Records for the task ::
------------------------------------------------
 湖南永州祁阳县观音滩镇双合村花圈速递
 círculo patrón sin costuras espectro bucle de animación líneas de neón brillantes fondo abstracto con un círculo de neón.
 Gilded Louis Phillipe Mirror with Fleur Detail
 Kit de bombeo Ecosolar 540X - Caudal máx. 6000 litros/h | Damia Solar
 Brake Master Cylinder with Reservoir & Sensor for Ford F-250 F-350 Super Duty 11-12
------------------------------------------------
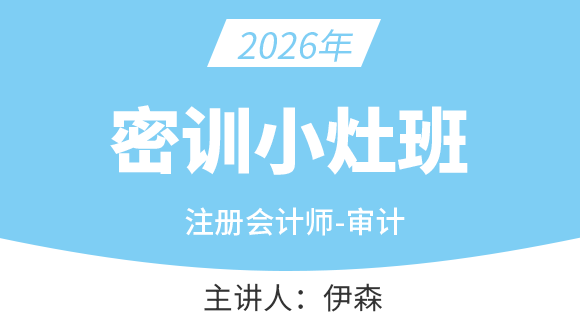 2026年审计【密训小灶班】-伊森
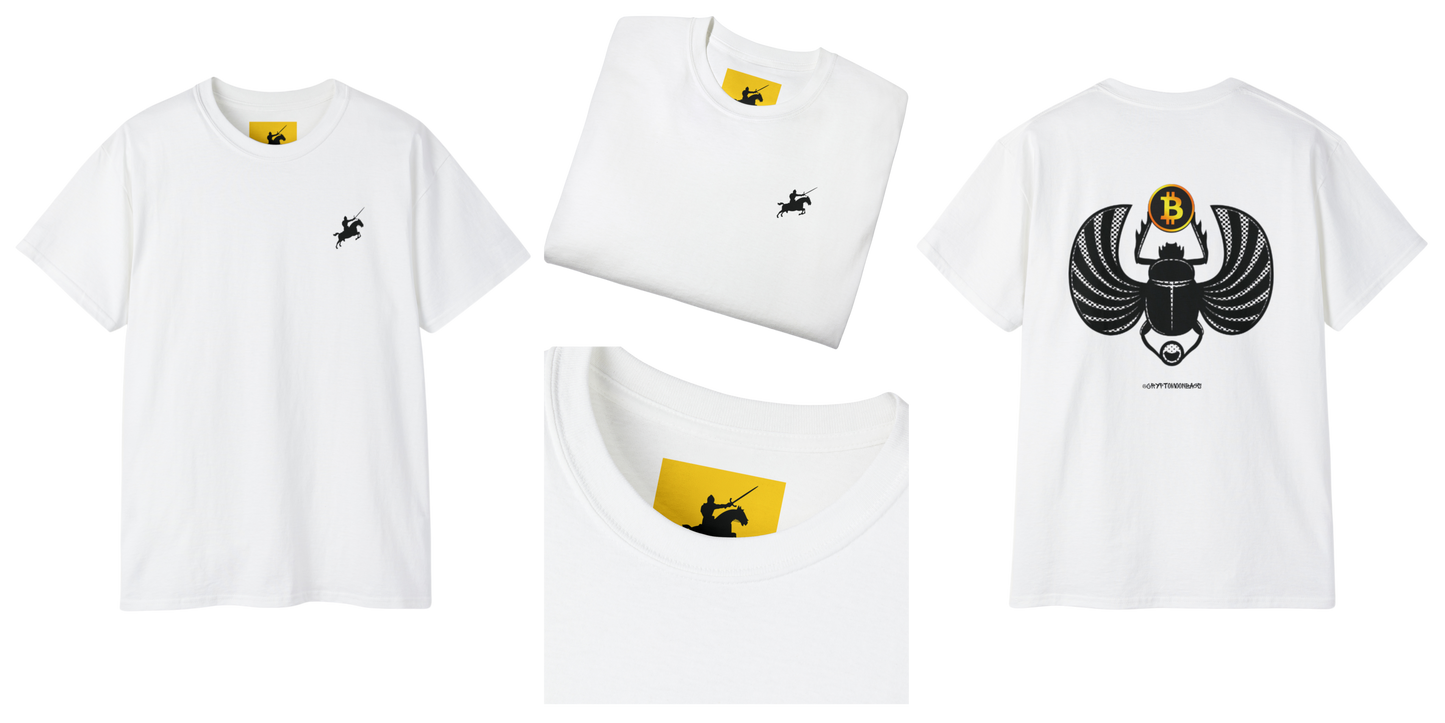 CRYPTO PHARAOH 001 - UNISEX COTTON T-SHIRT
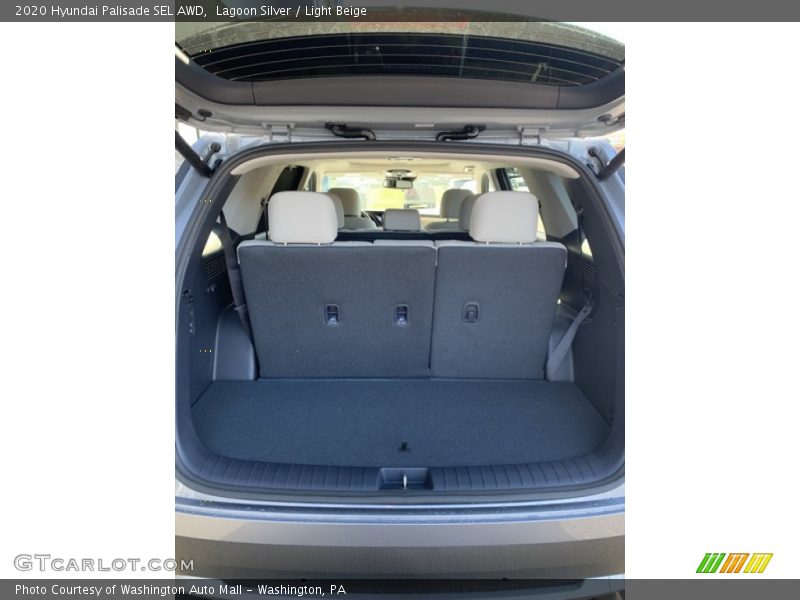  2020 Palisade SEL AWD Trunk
------------------------------------------------
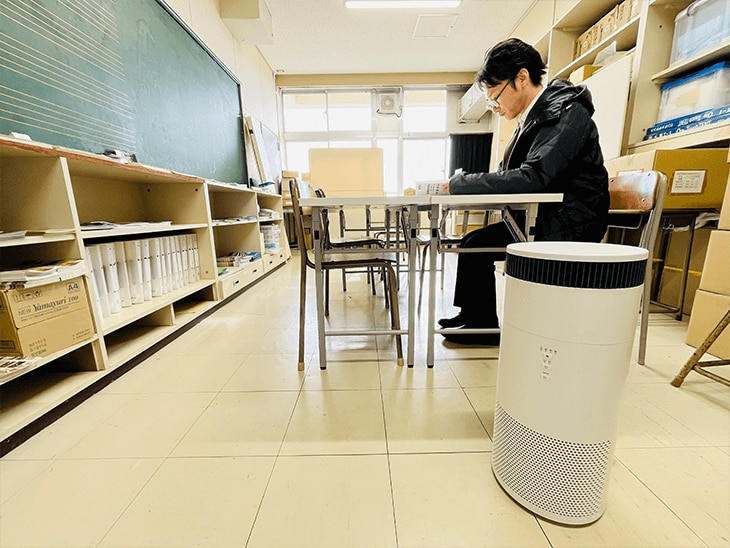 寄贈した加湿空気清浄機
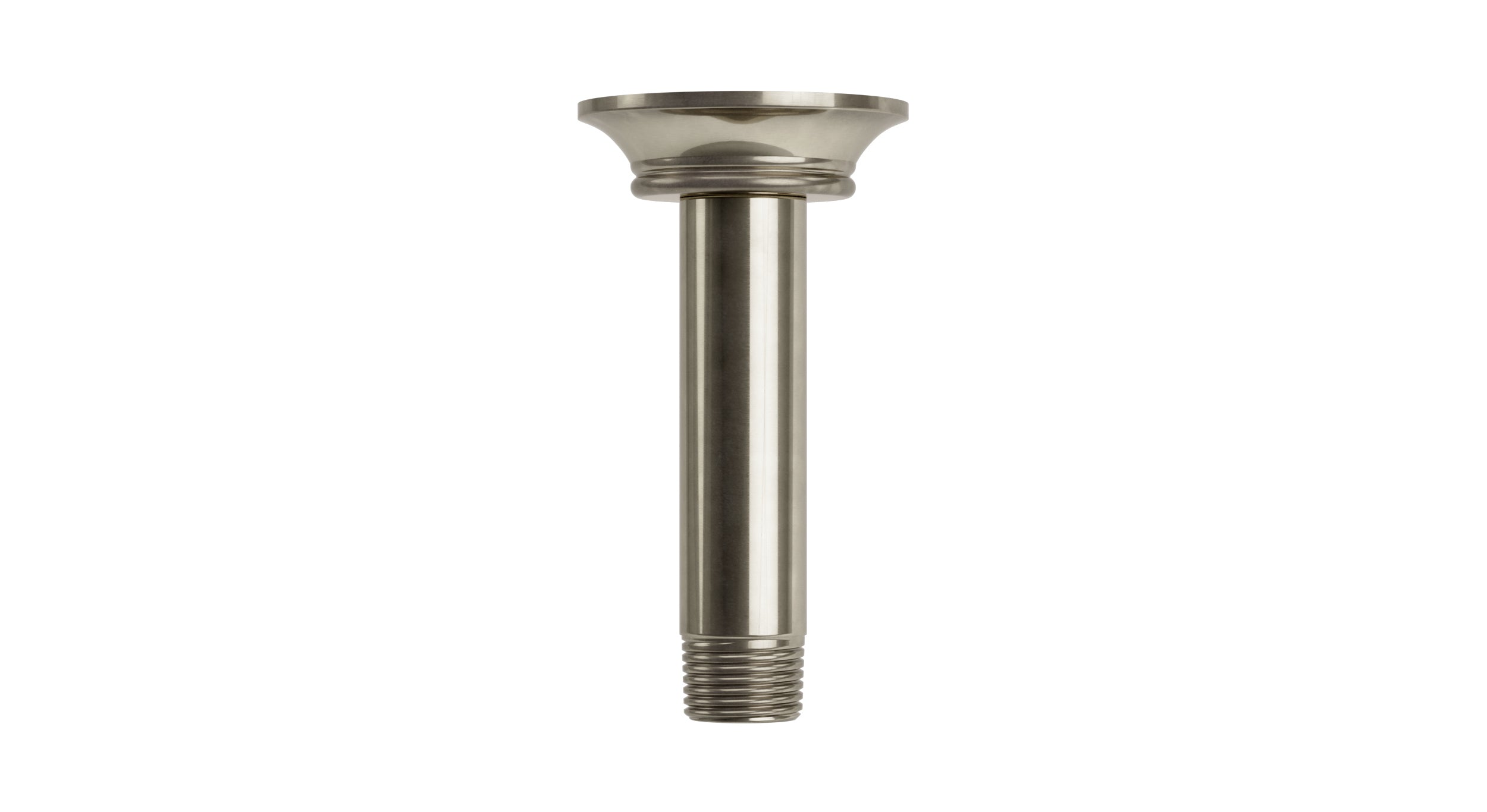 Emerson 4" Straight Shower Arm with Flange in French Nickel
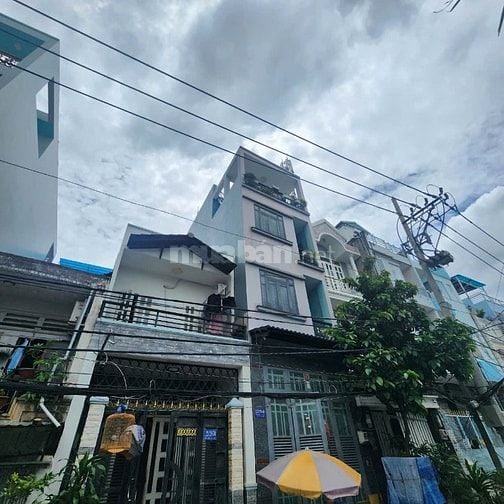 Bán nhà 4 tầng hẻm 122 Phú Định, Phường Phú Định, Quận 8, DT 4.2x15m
------------------------------------------------
Task requirements :: Take the line above containing "湖南永州祁阳县观音滩镇双合村花圈速递", the line containing "Brake Master Cylinder", and all lines in between, and copy them exactly without anything else.

Reply to the exercise ::
 湖南永州祁阳县观音滩镇双合村花圈速递
 círculo patrón sin costuras espectro bucle de animación líneas de neón brillantes fondo abstracto con un círculo de neón.
 Gilded Louis Phillipe Mirror with Fleur Detail
 Kit de bombeo Ecosolar 540X - Caudal máx. 6000 litros/h | Damia Solar
 Brake Master Cylinder with Reservoir & Sensor for Ford F-250 F-350 Super Duty 11-12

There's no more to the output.